This week's Wildcat Wednesday feature from 1955 is titled "The Big Combo."
"The Big Combo" has an outstanding cast and is big fun to watch!
Writer Philip Yordan has some interesting credits for films like "The Fiend Who Walked The West," and "Dead Girls Don't Tango," but what's even more interesting are the credits he has for films like "Invasion Of The Triffids," and "The Naked Jungle," where he was just the front man for two writers, Bernard Gordon and Ben Maddow, who had been blacklisted in the 50's.
"The Big Combo" starts off with blonde bombshell Jean Wallace as Susan Lowell being pursued by these two thugs, Fante and Mingo!
Fante on the left is Lee Van Cleef, and Mingo on the right is Earl Holliman, two of my favourite character actors!
The lighting and cinematography are excellent throughout the whole film!
This looks like it could be a black and white version of an Edward Hopper painting!
Cornel Wilde is Police Detective Leonard Diamond, and his boss glaring at him is Robert Middleton as Captain Peterson. Diamond is spending too much time and money on one man, a Mr. Black, who is a slimy but slippery hoodlum they just can't get anything on, and the Captain is getting tired of trying to explain it to the people he has to answer to.
Richard (The Godfather) Conte is the notorious Mr. Brown. To show you what a ruthless bastard he is, there's this scene where he's chewing out a boxer who just lost a match. Mr. Brown slaps the kid, and when the kid doesn't hit him back, he calls him a loser, and tells him to get lost!
Richard Conte was also in "The Twilight Zone" episode titled "Perchance To Dream."
Susan is Mr. Brown's girl, but she's not happy in the role, so while out eating with Fante and Mingo, she becomes faint, and passes out while dancing!
It turns out she had taken some pills!
Now how hard would it be to have this role when nine years earlier Jean Wallace had tried to commit suicide in the same manner? When that didn't work, three years later, she tried stabbing herself in the abdomen. Despite all that unhappiness, Jean lived until 1990 when she died at the age of 66.
The third huge name in this production is Brian (Quatermass) Donlevy, there in the middle, as one of Mr. Black's stooges Joe McClure!
Diamond doesn't have a lot of extra time on his hands, but when he does, he likes to spend it with his showgirl girlfriend Rita, who was played by heavenly Helene (Jungle Moon Men, Beast From 10,000 Leagues) Stanton! The funny thing is that in real life Cornel Wilde was actually married to the other female in this story, Jean Wallace! Cornel Wilde spent a good deal of the rest of his life directing and promoting movies with Jean in them including a movie about an out of control virus in 1970 called "No Blade Of Grass."

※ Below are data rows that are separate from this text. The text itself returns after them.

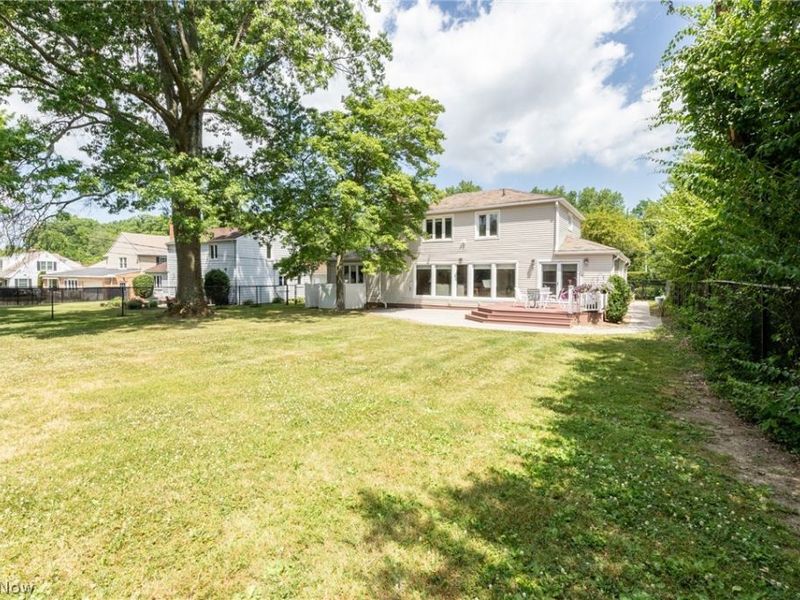 24100 Shaker Boulevard, Shaker Heights, OH 44122 Photo 38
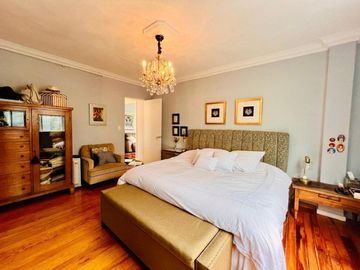 Departamento en venta  remodelado  Hipódromo Condesa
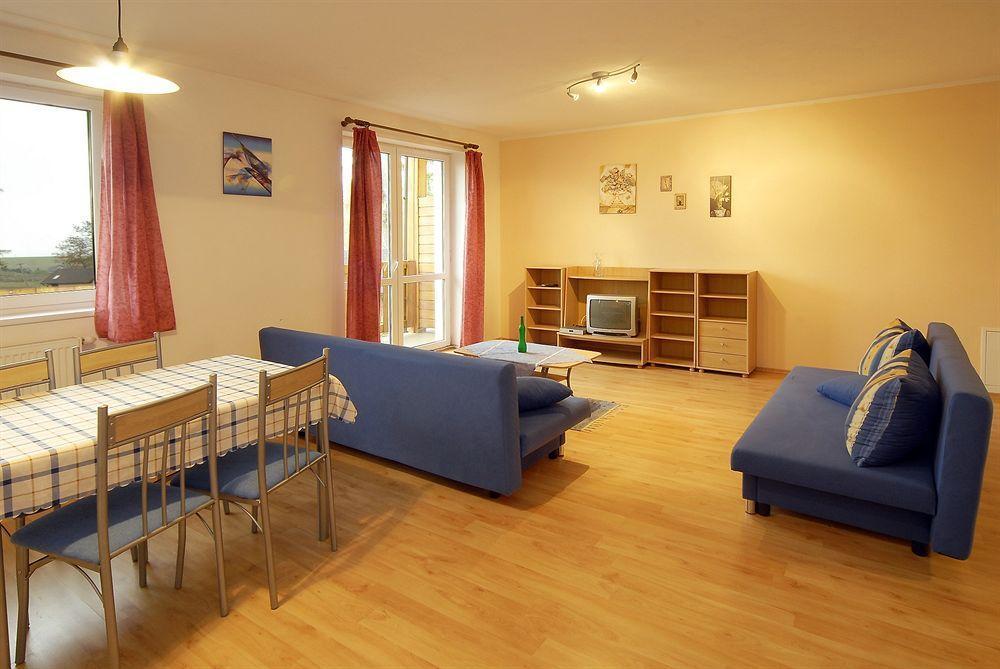 Apartmány Slavkov Vysoké Tatry Kültér fotó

Mr. Black and his boys rough Diamond up, and pour 47% alcohol hair tonic down his throat to make him seem drunk, and dump him off at the Captain's doorstep!
Dungeon hero John (Attack Of The Puppet People) Hoyt has a small role as an antiques dealer with a shady past, who only has what he has because he knows a secret about what happened to Mr. Black's ex-partner!

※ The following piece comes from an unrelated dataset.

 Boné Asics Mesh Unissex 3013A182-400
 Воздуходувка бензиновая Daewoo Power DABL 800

It doesn't pay to be a cutthroat henchman working for Mr. Black. He's got Fante and Mingo hiding out, and he brings them a big box that he says is money, but after he leaves, they open it, and it is sticks of dynamite instead!
Helen Walker is the missing Mrs. Brown. Her own story is more tragic than this movie. On New Year's Eve in 1946, she picked up three WWII veterans hitchhiking. She ended up in a horrible accident that flipped the car and killed one of the soldiers and injured the other two. She also broke her pelvis. The two survivors claimed she was drunk, and she had to go to trial, but even though acquitted, it seriously damaged her career. Now, this is just really weird, just like Jean Wallace, Helen was in a movie in 1949 called "Impact," and there was a scene of a fatal automobile accident that was caused by her character. In 1960, Helen's house burned down, and in 1968, she succumbed to cancer at the age of only 47.
Mr. Brown finally gets what's coming to him!
And Diamond and Susan, well, who knows where their life goes from here!
It seems like Cornel Wilde really was Sir Lancelot to Jean Wallace, so I thought that it was very fitting that after they made the Wilde directed movie "Lancelot And Guinevere" together, they came out with this Dell comic book in 1963!